Required work: Beginning at the line with "Solterra 6Br Villa", please repeat each line exactly through the end of the records below, including that first line and the last, but no pictures.

=== Begin Enclosure ===

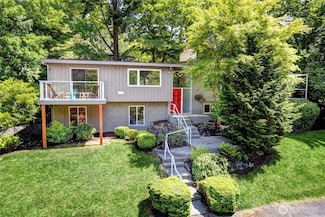 5 Wembley Ln, Mercer Island, WA 98040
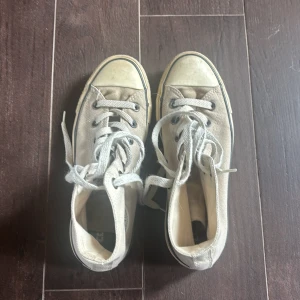 Beigea converse - Bra skick, lite missfärgade. 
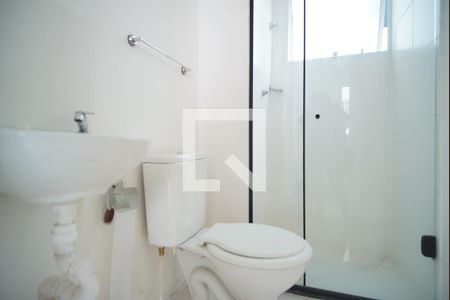 Banheiro Corredor de apartamento para alugar com 2 quartos, 41m² em Rubem Berta, Porto Alegre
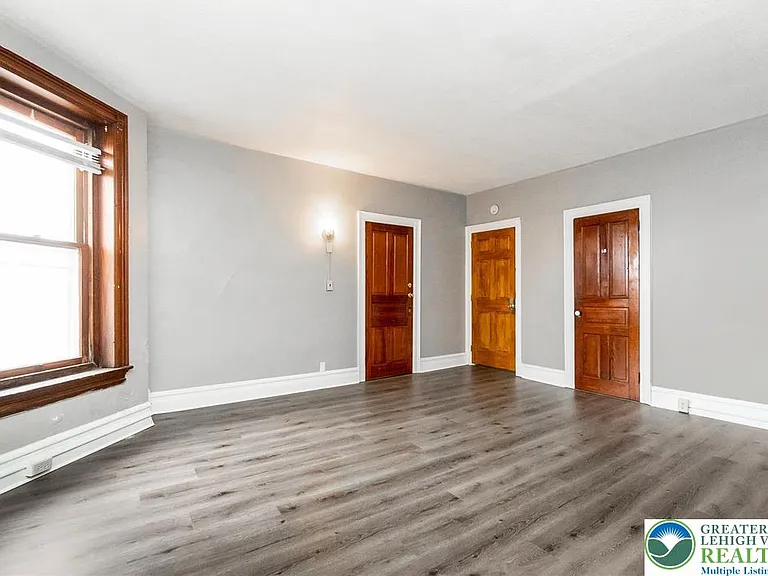 164 W Main St #HOUSE — Photo 13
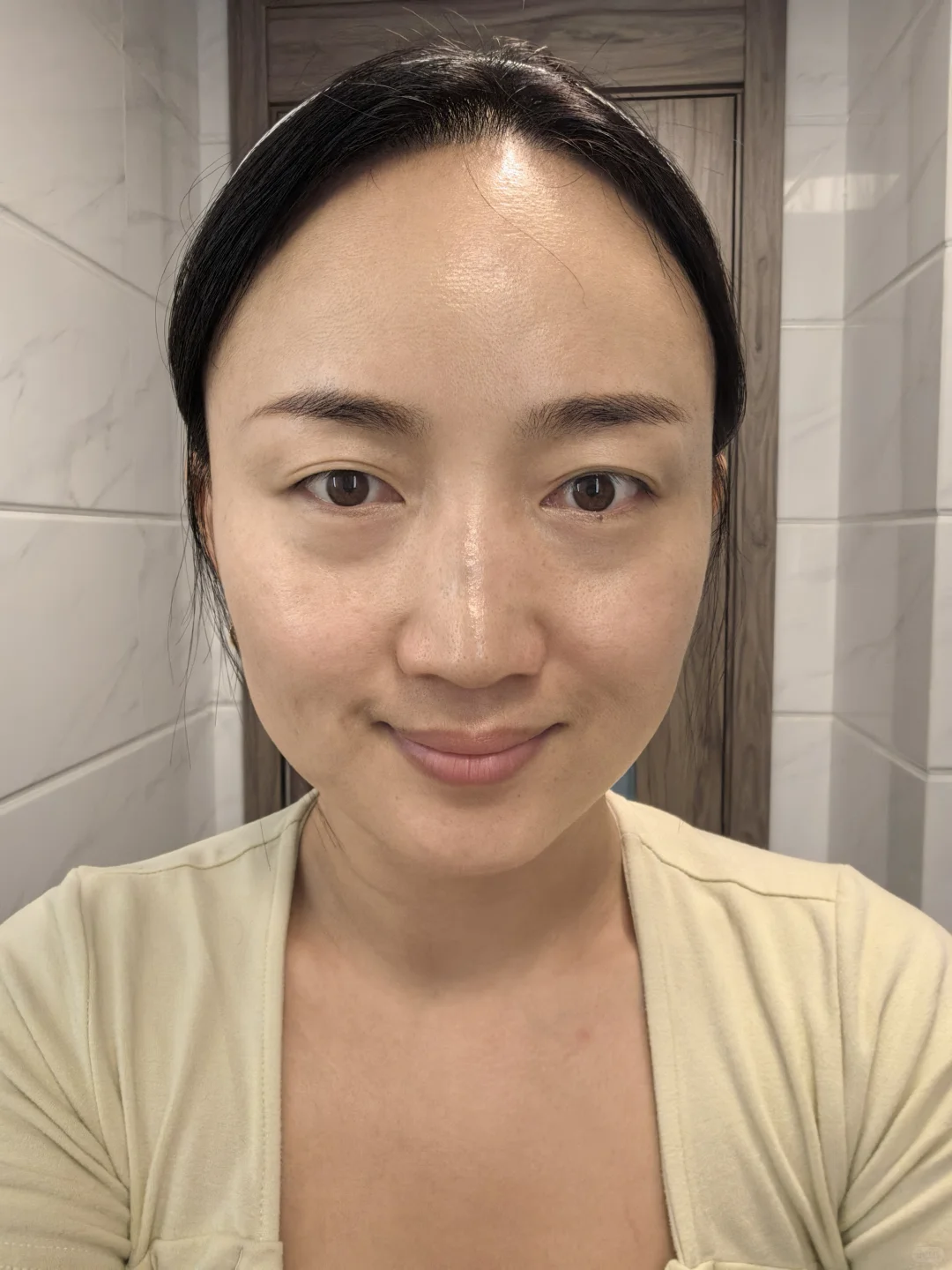 不敢整容，但换了张脸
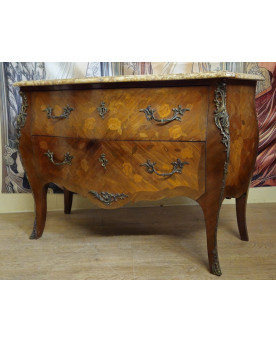 Le village de 58 brocanteurs - Buffet époque Empire en noyer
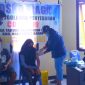 Babinsa Desa Taruba saat mendampingi warga binaan melakukan vaksinasi
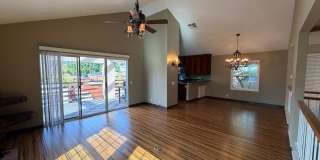 Spacious 3 Bedroom 2.5 Bath Multi Level Townhouse Located in Pacific Beach! Gallery 1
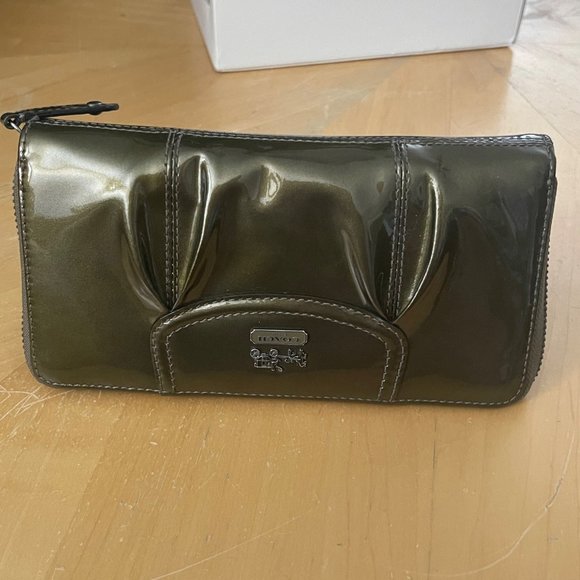 Coach Madison Pewter Patent Leather Accordion Zip Around Wallet 12 Card Slots - Picture 3 of 9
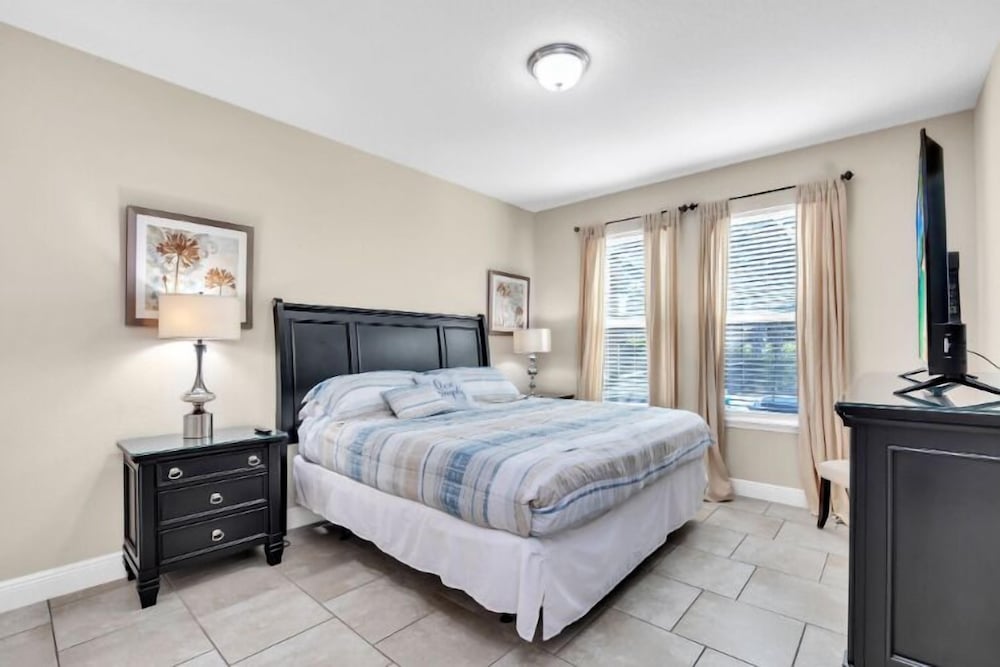 Solterra 6Br Villa W/ Pool, Spa, Game & Theater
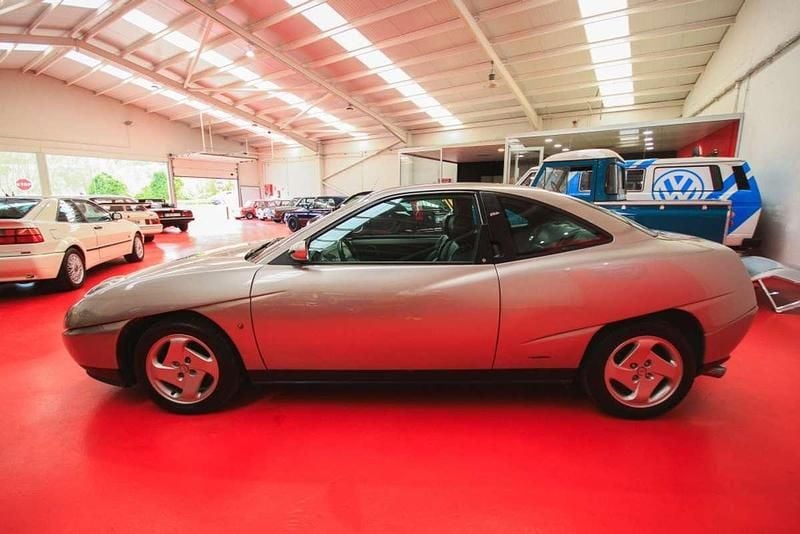 Usado Fiat Coupé 140 CV (102 kW) 1997 Gris Coupe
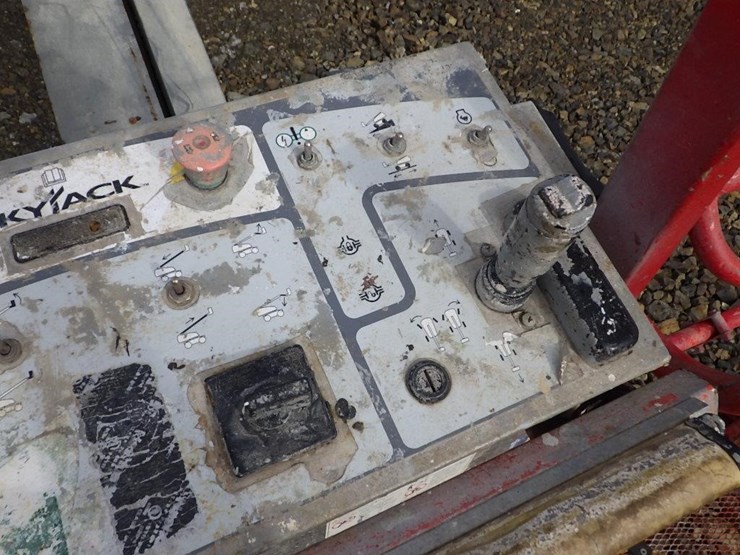 2016-skyjack-sj61t-image-17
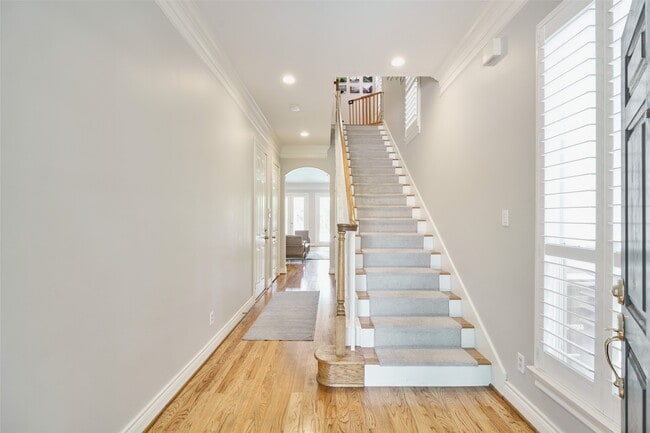 Building Photo - 4028 Gramercy St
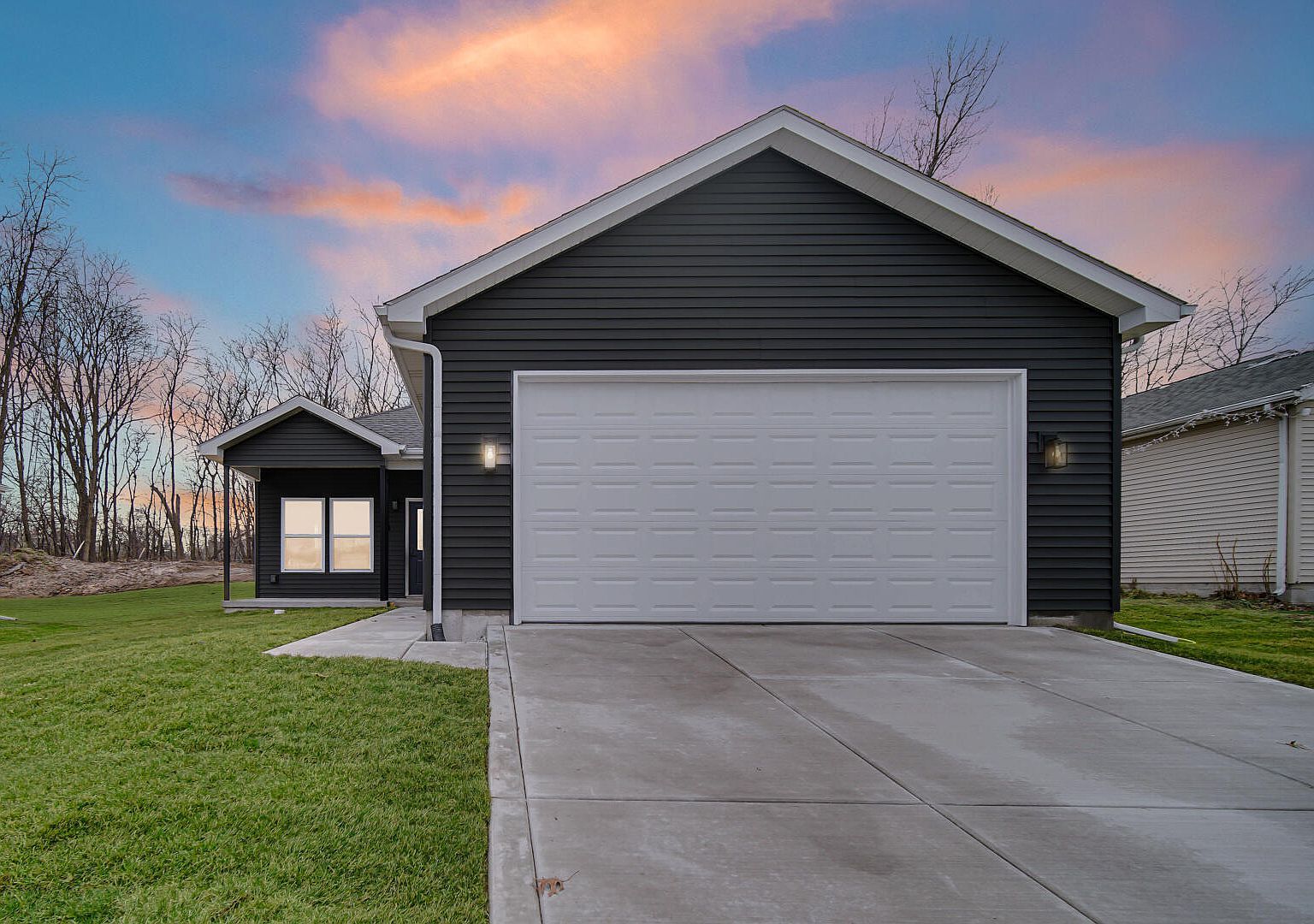 3933 Riverdale Ave Lake Station, IN 46405 - Thumbnail 3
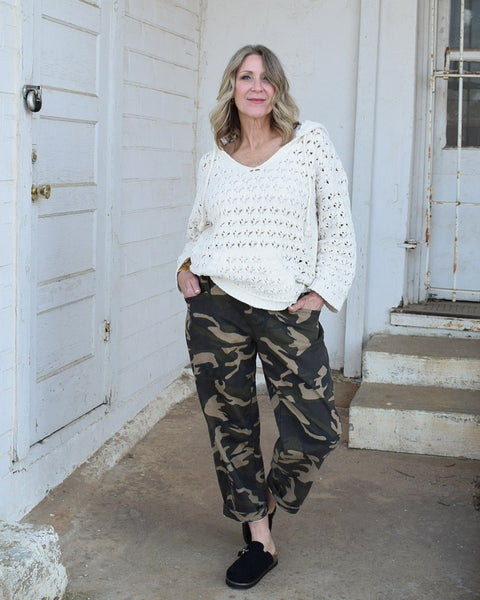 CAMO LOOSE FIT BARREL LEG PANTS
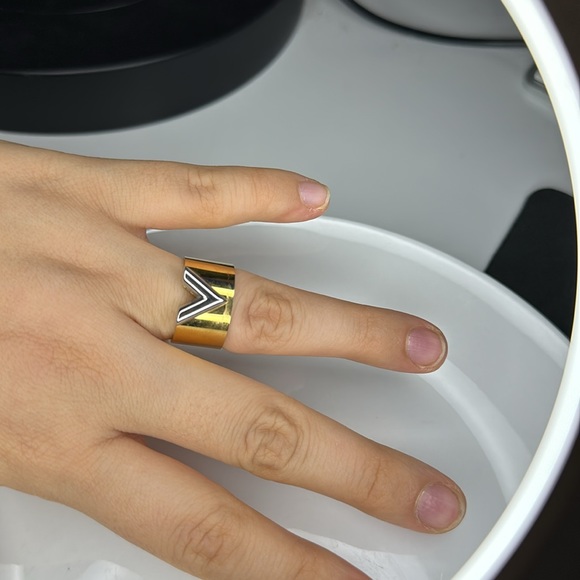 V ring essentials - Picture 2 of 8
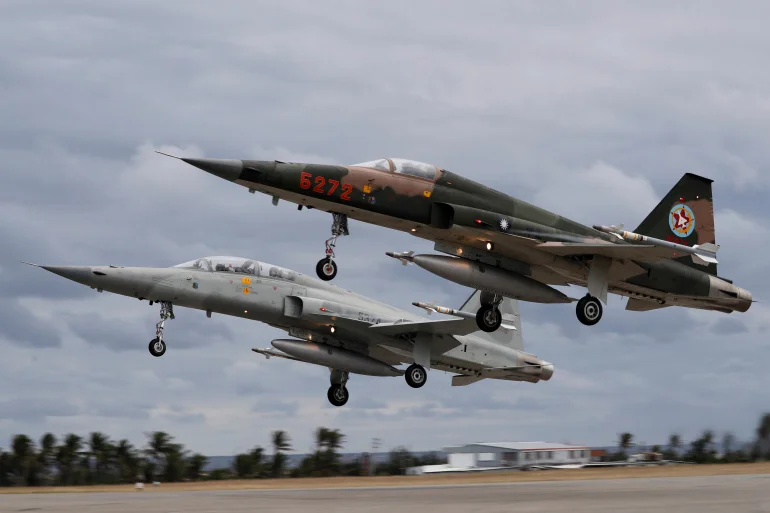 4479_RC1417FBD590_RTRMADP_3_TAIWAN-MILITARY-DRILLS.webp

=== End Enclosure ===

Written response:
 Solterra 6Br Villa W/ Pool, Spa, Game & Theater
 Usado Fiat Coupé 140 CV (102 kW) 1997 Gris Coupe
 2016-skyjack-sj61t-image-17
 Building Photo - 4028 Gramercy St
 3933 Riverdale Ave Lake Station, IN 46405 - Thumbnail 3
 CAMO LOOSE FIT BARREL LEG PANTS
 V ring essentials - Picture 2 of 8
 4479_RC1417FBD590_RTRMADP_3_TAIWAN-MILITARY-DRILLS.webp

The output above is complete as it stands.